- GOAL OF THE EXERCISE: The reply should hold only the lines from the one with "Конструктор LEGO Friends" to the one with "ABB presenta nuevas", both ends kept, exactly as they appear below, without any pictures.
═════ DATA EXTRACTS
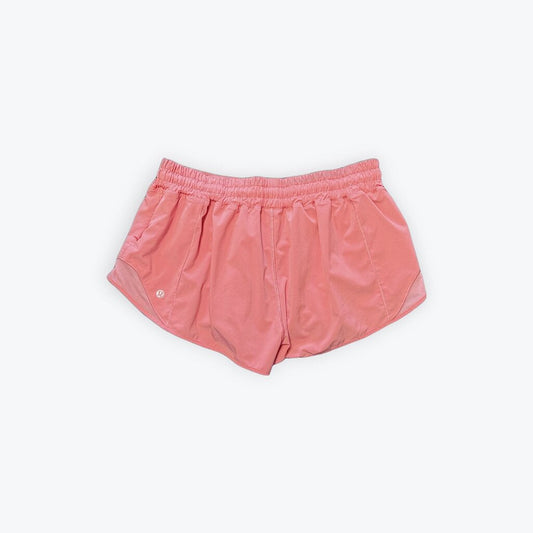 lululemon short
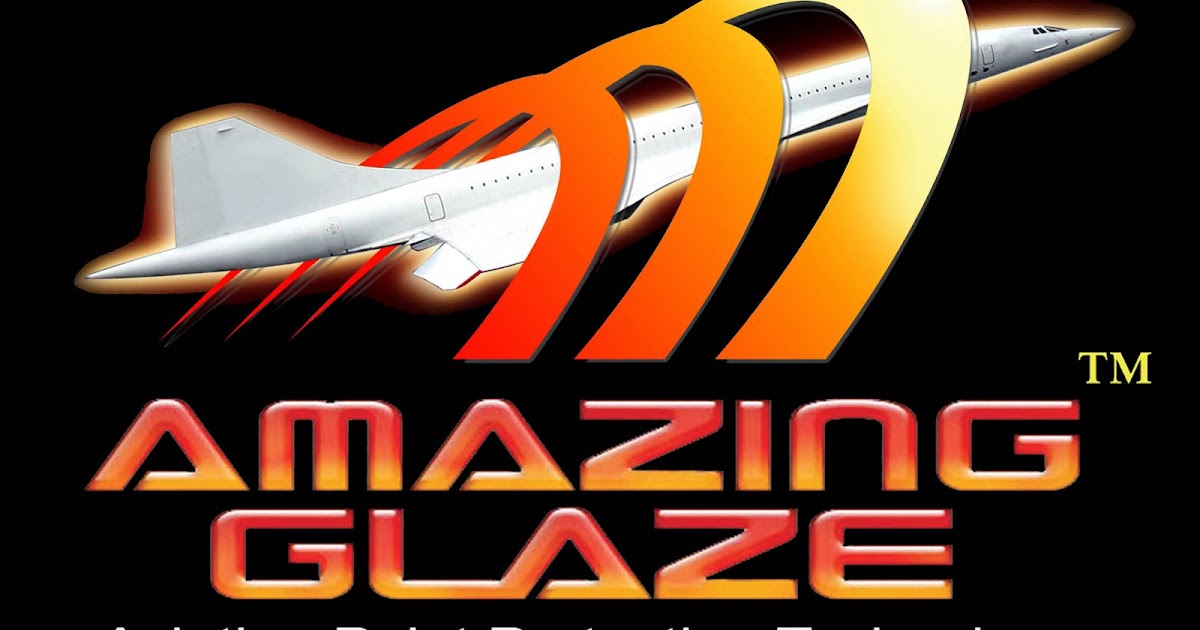 Amazing Glaze AG5 Review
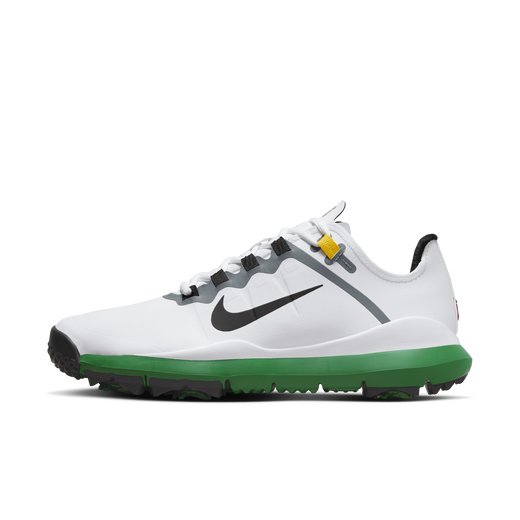Explore the Latest Collection of Nike Golf Shoes Nike KSA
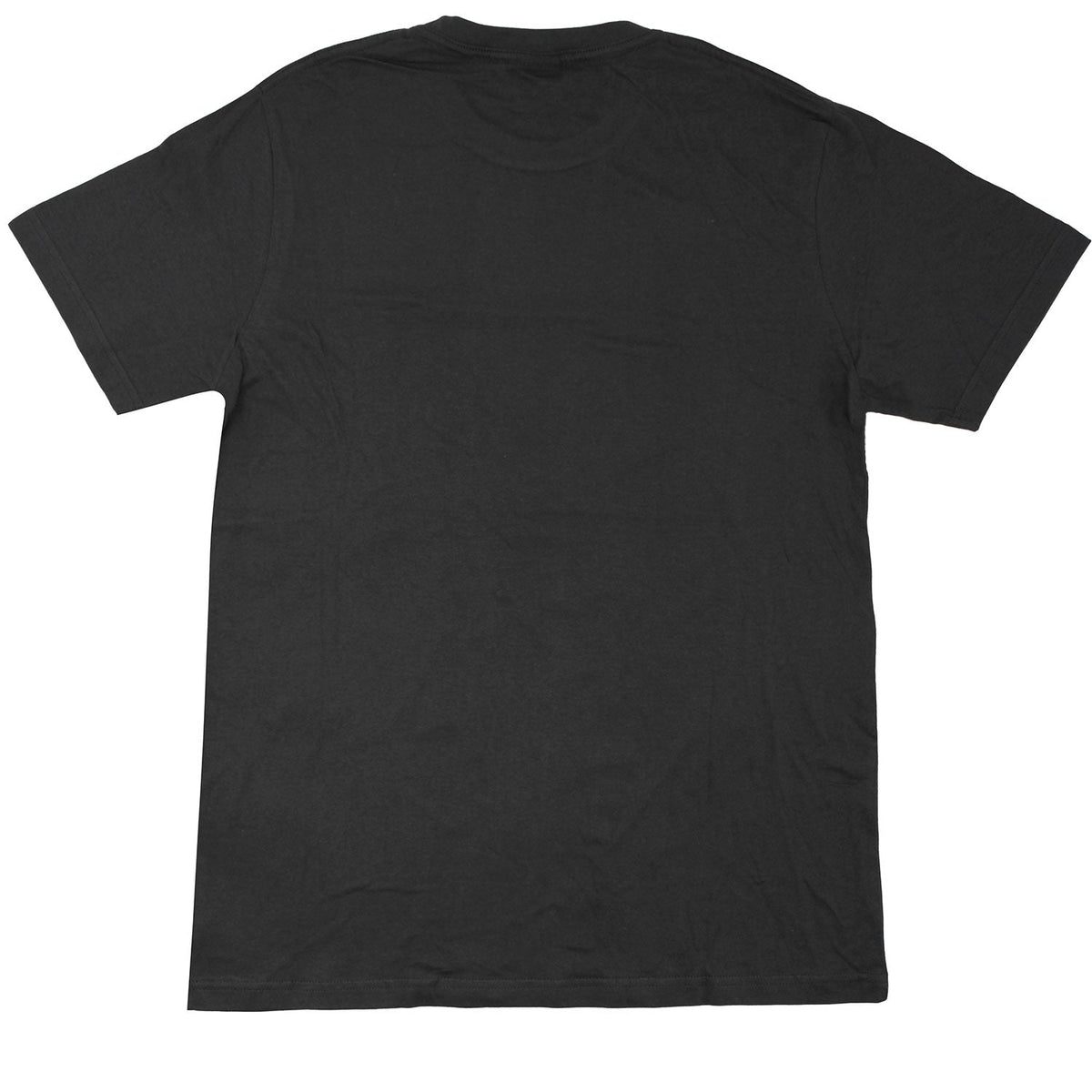 AC/DC Hells Bells Back In Black World Tour T-shirt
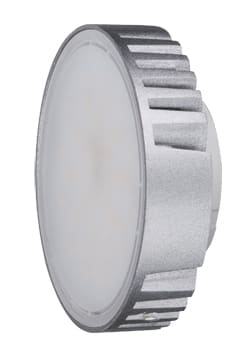 DURALAMP SPA DRLDK05NW DURADISK GX53 7W 120? 4000K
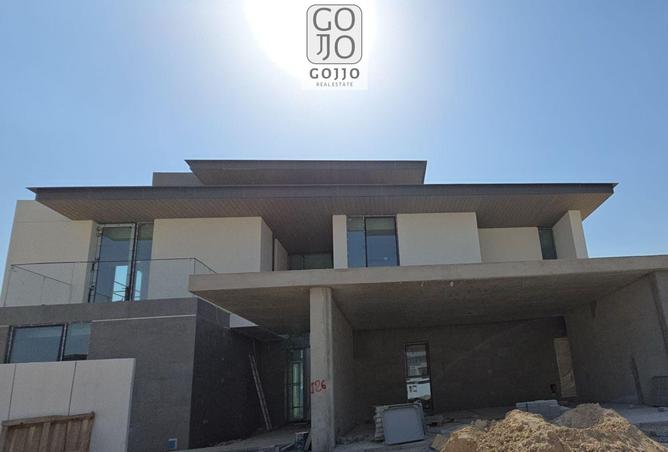 15822534 - Property Image 2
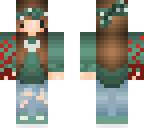 twins 3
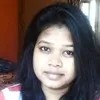 Chumki singh
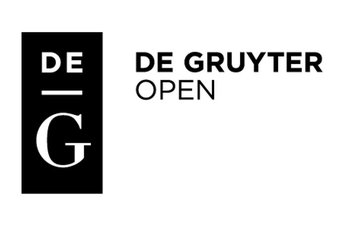 De Gruyter szerzői workshop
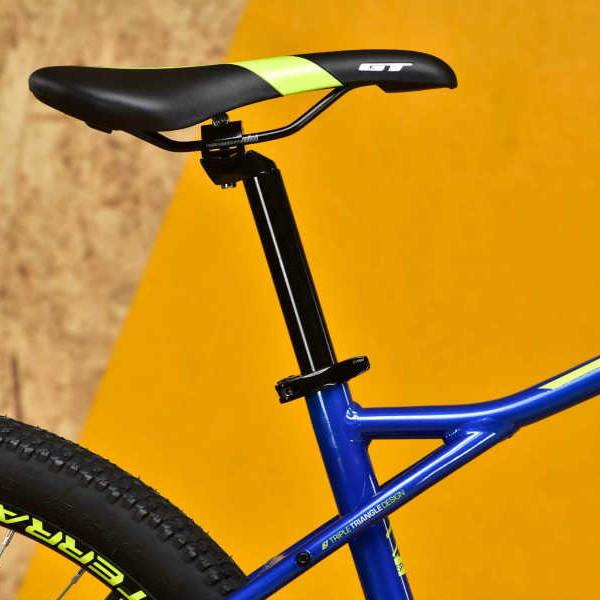 GT 鍵プレゼント ジーティー 2026年モデル AGGRESSOR SPORT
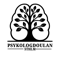 Psykologdoulan STHLM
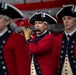 Twilight Tattoo July 15 2026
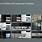 Portfolio-Landscape-Lighting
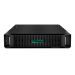 HPE ProLiant DL145 Gen11 8124P 2.45GHz 16c 1P 2x32GB-R 2SFF NS204i-u 2x1000W PS EMEA Server servrar 0 GB Rack (2U) AMD EPYC 2,45 GHz 64 GB DDR5-SDRAM 1000 W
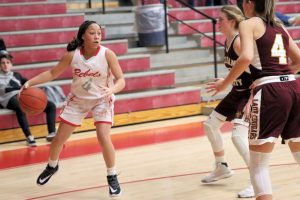 todd-central-girls-vs-mcclean-co-137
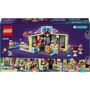 Конструктор LEGO Friends Кофейня Хартлейк-Сити (42618) фото 8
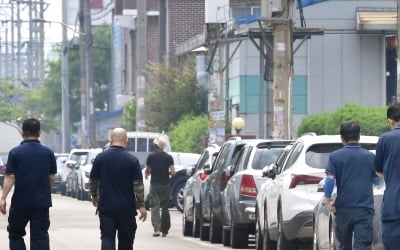 특별연장근로 승인 역대 최대…경영계 "주52시간 아직 일러"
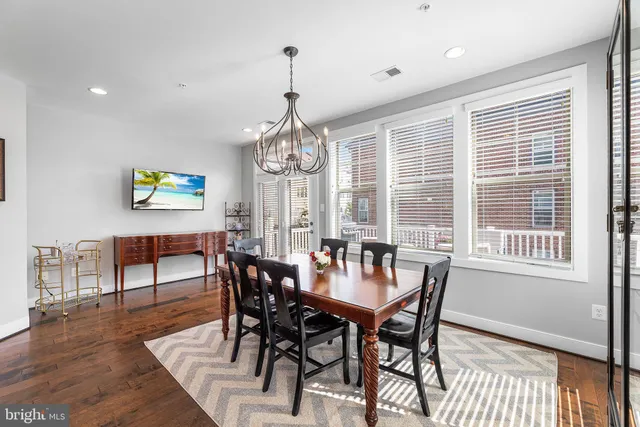 $955,000 | 124 Kepler Drive, Gaithersburg, MD 20878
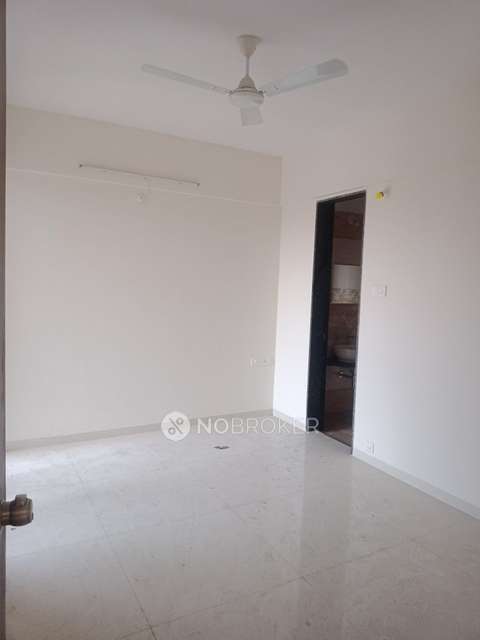 3 BHK Flat In Suyog Space for Rent  In Wakad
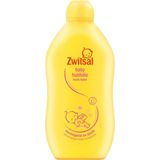 Zwitsal - Baby Huidolie - 400ml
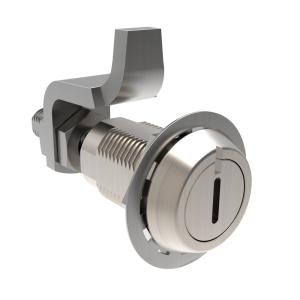 E3 - VISE ACTION® Компрессионная Защелка E3-1011-1806 Southco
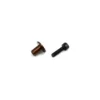 Serpent I Centax II Spacer Thrustbearing (SER909516)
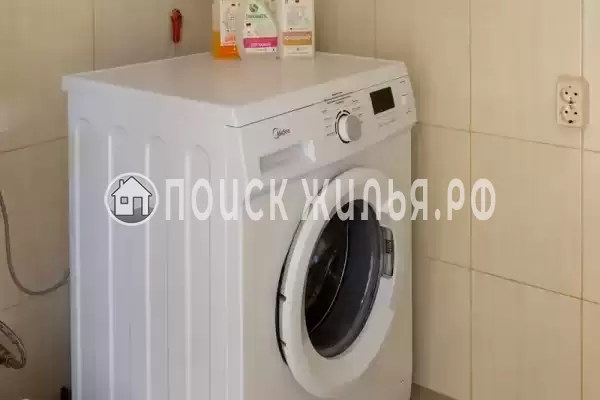 «Лимонад», Новомихайловский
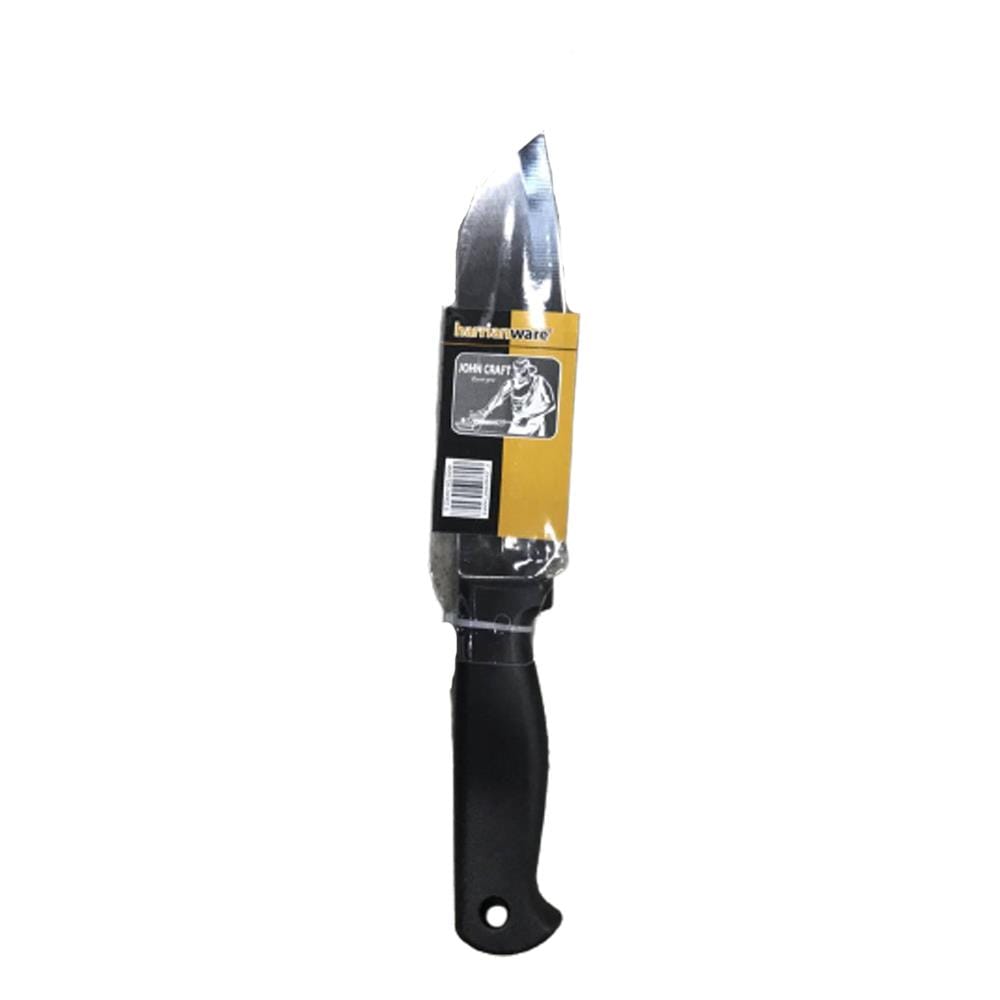 JOHN CRAFT KITCHEN KNIFE  6IN 6836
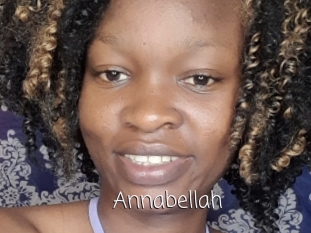 Annabellah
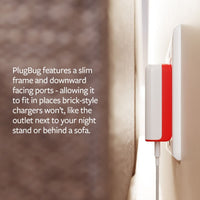 Twelve South PlugBug 50 (EU/UK)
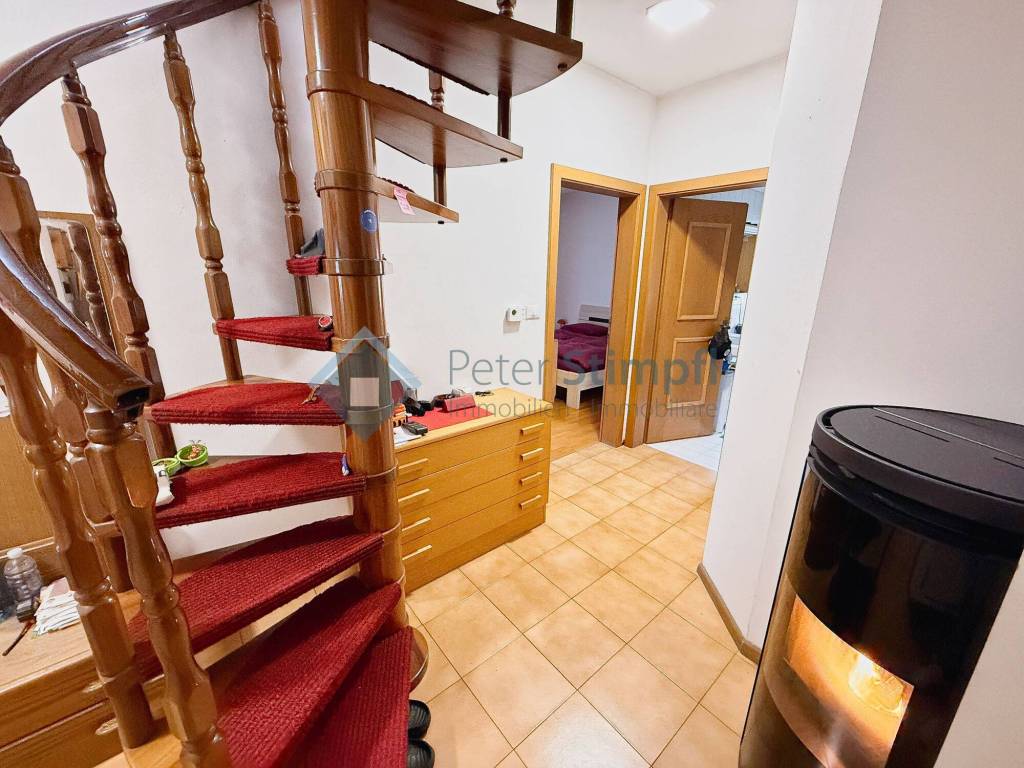 Appartamento a Egna - Foto 4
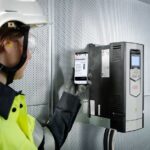 ABB presenta nuevas innovaciones tecnológicas en Barranquilla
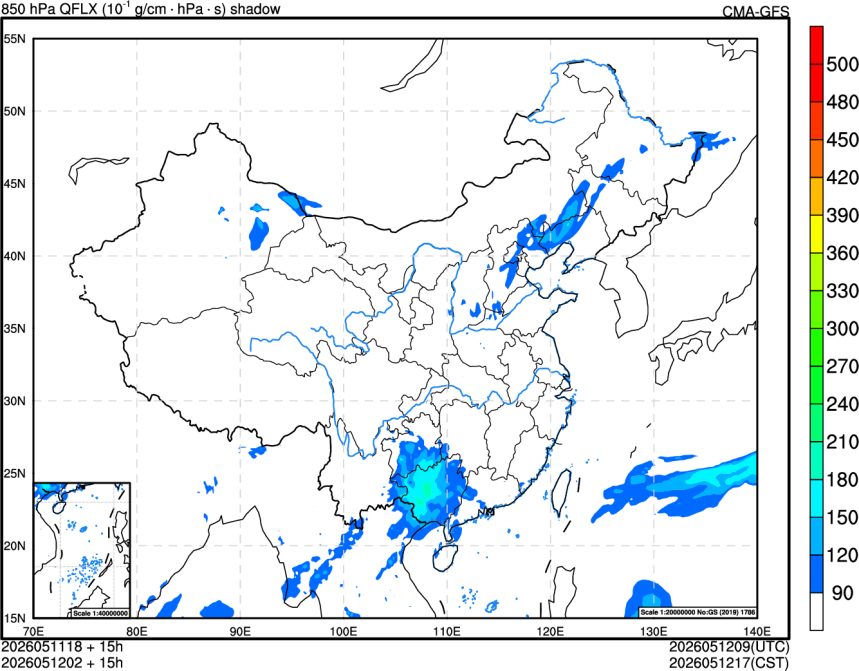 05/11 18时 +015小时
══════════
- SOLUTION FOR THIS TASK:
 Конструктор LEGO Friends Кофейня Хартлейк-Сити (42618) фото 8
 특별연장근로 승인 역대 최대…경영계 "주52시간 아직 일러"
 $955,000 | 124 Kepler Drive, Gaithersburg, MD 20878
 3 BHK Flat In Suyog Space for Rent  In Wakad
 Zwitsal - Baby Huidolie - 400ml
 E3 - VISE ACTION® Компрессионная Защелка E3-1011-1806 Southco
 Serpent I Centax II Spacer Thrustbearing (SER909516)
 «Лимонад», Новомихайловский
 JOHN CRAFT KITCHEN KNIFE  6IN 6836
 Annabellah
 Twelve South PlugBug 50 (EU/UK)
 Appartamento a Egna - Foto 4
 ABB presenta nuevas innovaciones tecnológicas en Barranquilla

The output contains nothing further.